Required action: Would you print out all of the data exactly and keep the pictures out of it?

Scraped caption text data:

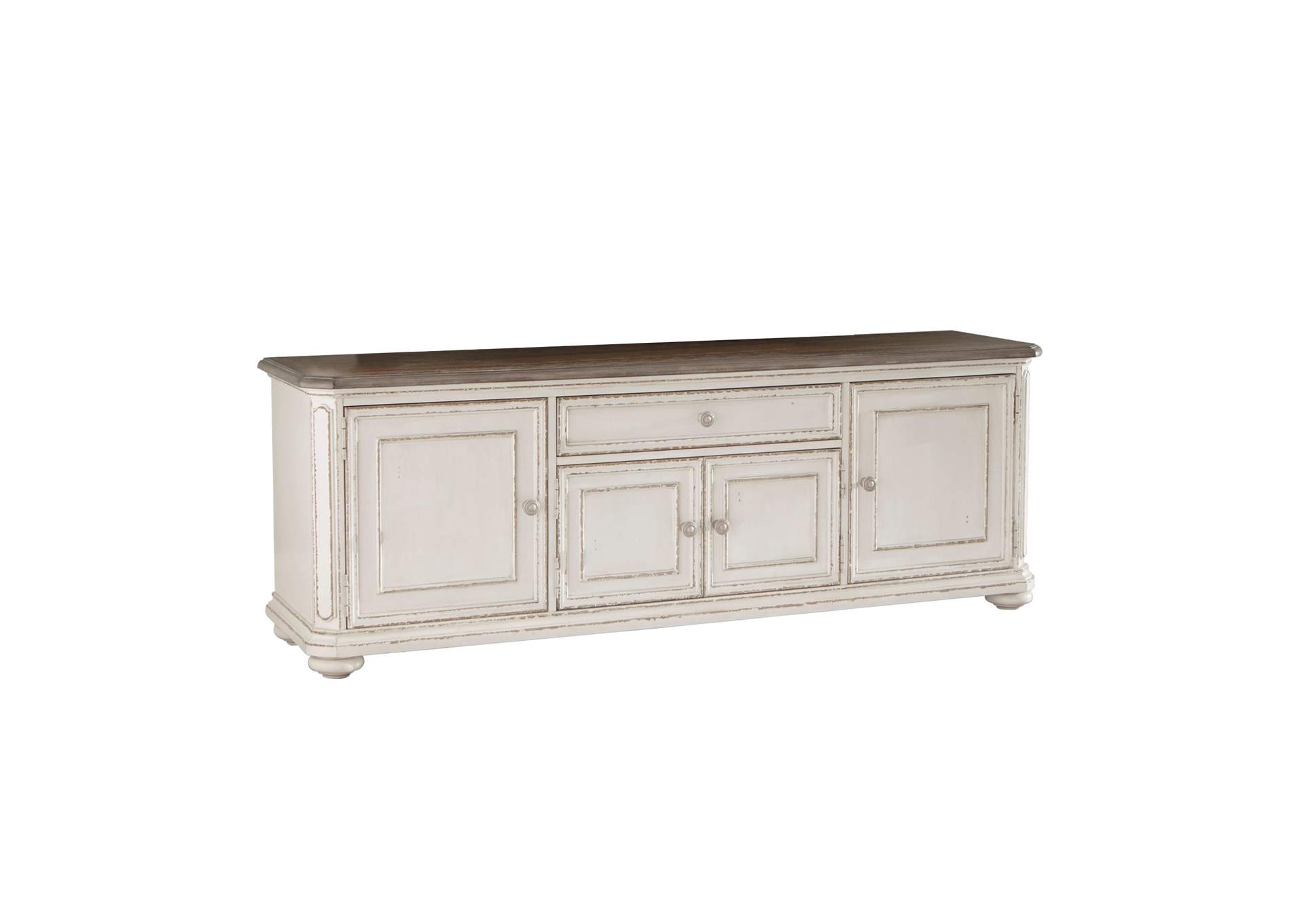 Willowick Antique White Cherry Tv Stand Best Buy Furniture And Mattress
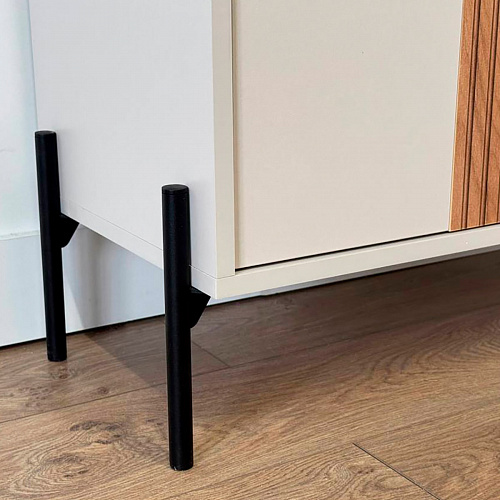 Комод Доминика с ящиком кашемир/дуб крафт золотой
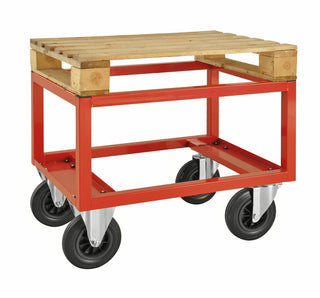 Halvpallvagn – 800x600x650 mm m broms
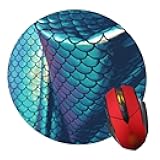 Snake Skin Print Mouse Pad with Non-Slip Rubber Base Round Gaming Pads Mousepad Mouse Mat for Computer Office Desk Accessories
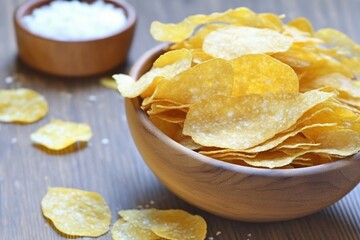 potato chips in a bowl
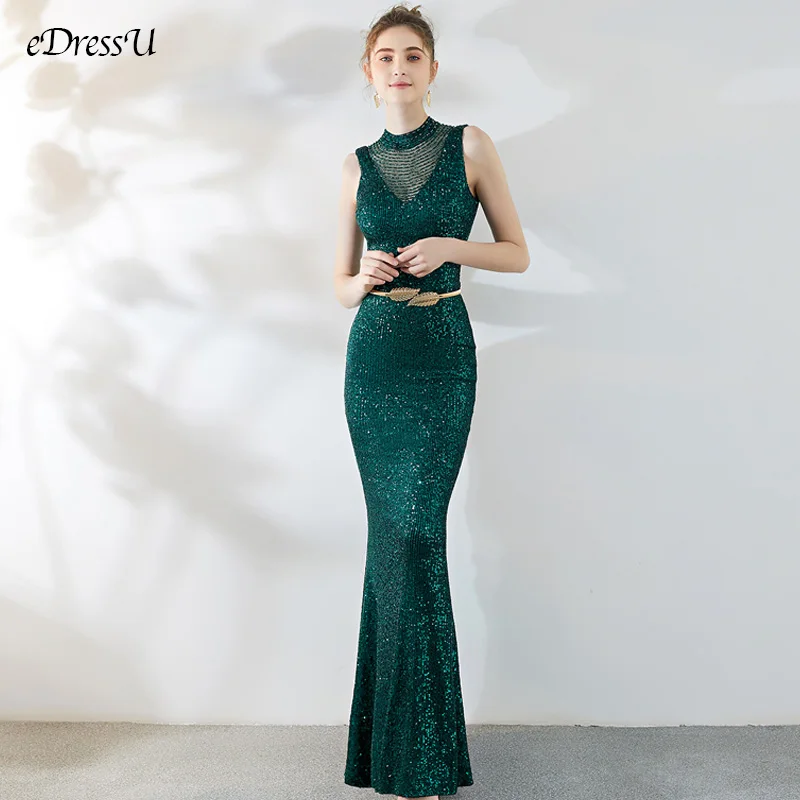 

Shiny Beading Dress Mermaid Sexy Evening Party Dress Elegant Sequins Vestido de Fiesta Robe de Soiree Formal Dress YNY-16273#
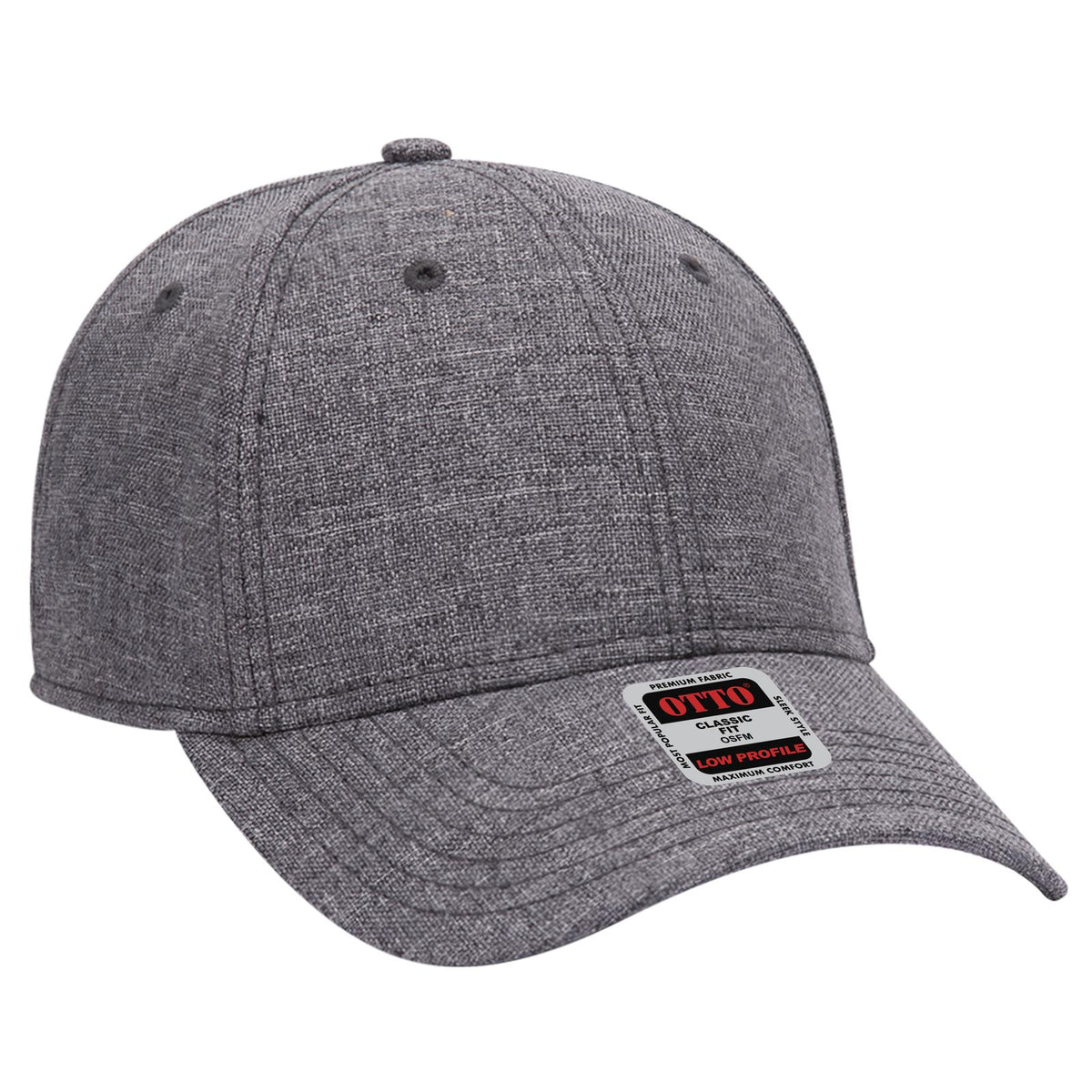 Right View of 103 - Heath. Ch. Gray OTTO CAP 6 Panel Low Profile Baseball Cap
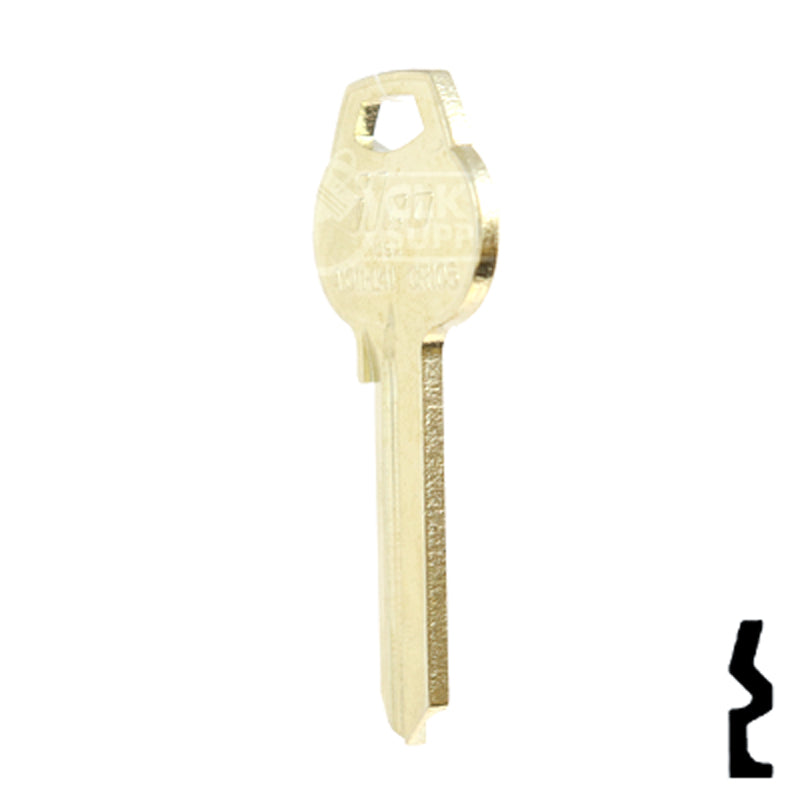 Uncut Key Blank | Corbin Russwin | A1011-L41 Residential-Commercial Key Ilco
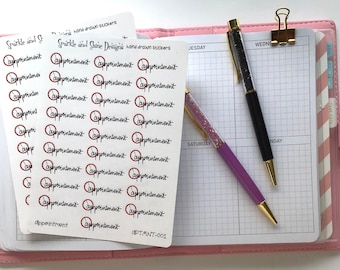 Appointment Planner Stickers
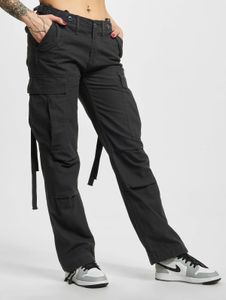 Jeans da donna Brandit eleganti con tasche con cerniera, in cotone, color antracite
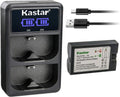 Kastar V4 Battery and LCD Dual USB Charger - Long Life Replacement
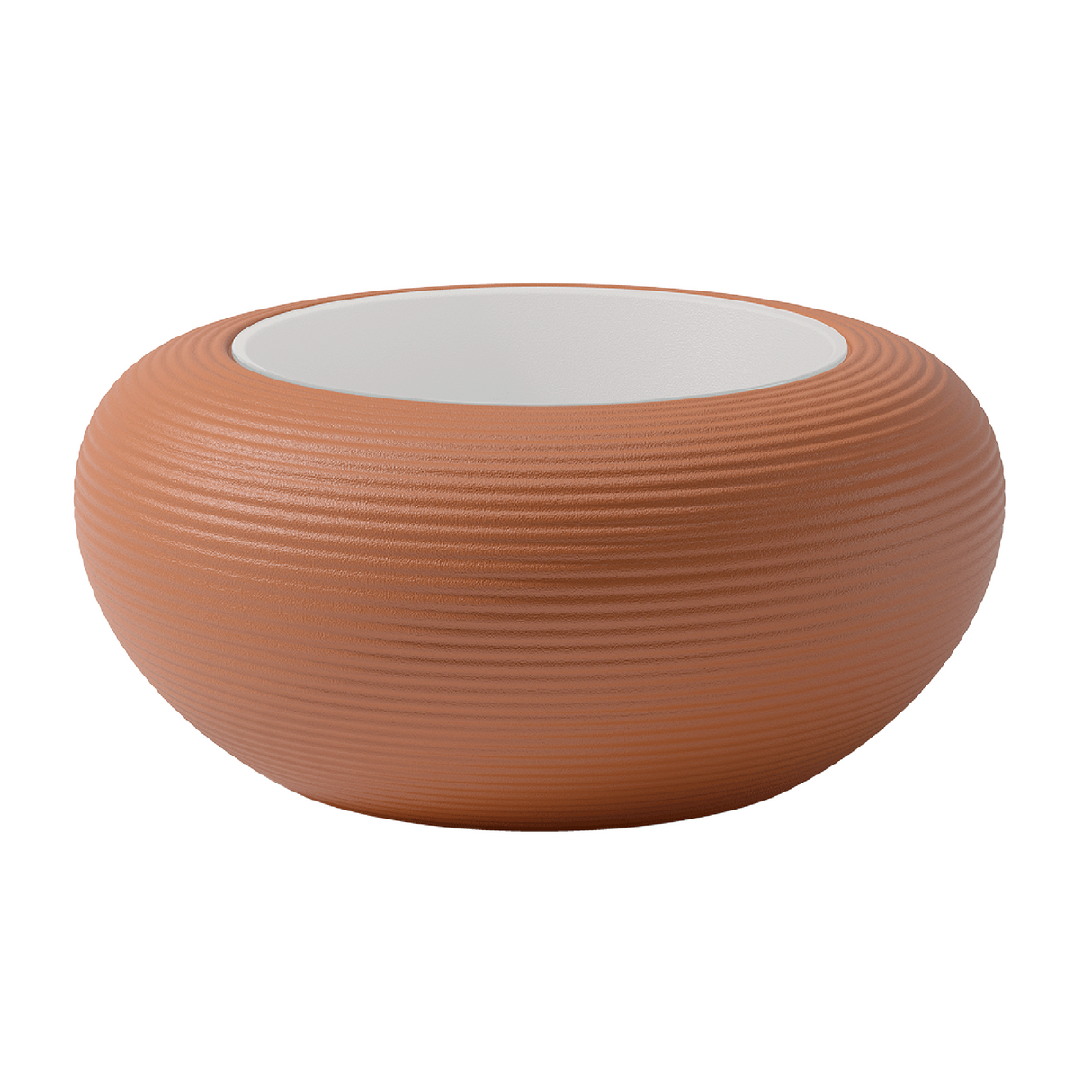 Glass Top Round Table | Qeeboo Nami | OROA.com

Task result:
 Willowick Antique White Cherry Tv Stand Best Buy Furniture And Mattress
 Комод Доминика с ящиком кашемир/дуб крафт золотой
 Halvpallvagn – 800x600x650 mm m broms
 Snake Skin Print Mouse Pad with Non-Slip Rubber Base Round Gaming Pads Mousepad Mouse Mat for Computer Office Desk Accessories
 potato chips in a bowl

Shiny Beading Dress Mermaid Sexy Evening Party Dress Elegant Sequins Vestido de Fiesta Robe de Soiree Formal Dress YNY-16273#
 Right View of 103 - Heath. Ch. Gray OTTO CAP 6 Panel Low Profile Baseball Cap
 Uncut Key Blank | Corbin Russwin | A1011-L41 Residential-Commercial Key Ilco
 Appointment Planner Stickers
 Jeans da donna Brandit eleganti con tasche con cerniera, in cotone, color antracite
 Kastar V4 Battery and LCD Dual USB Charger - Long Life Replacement
 Glass Top Round Table | Qeeboo Nami | OROA.com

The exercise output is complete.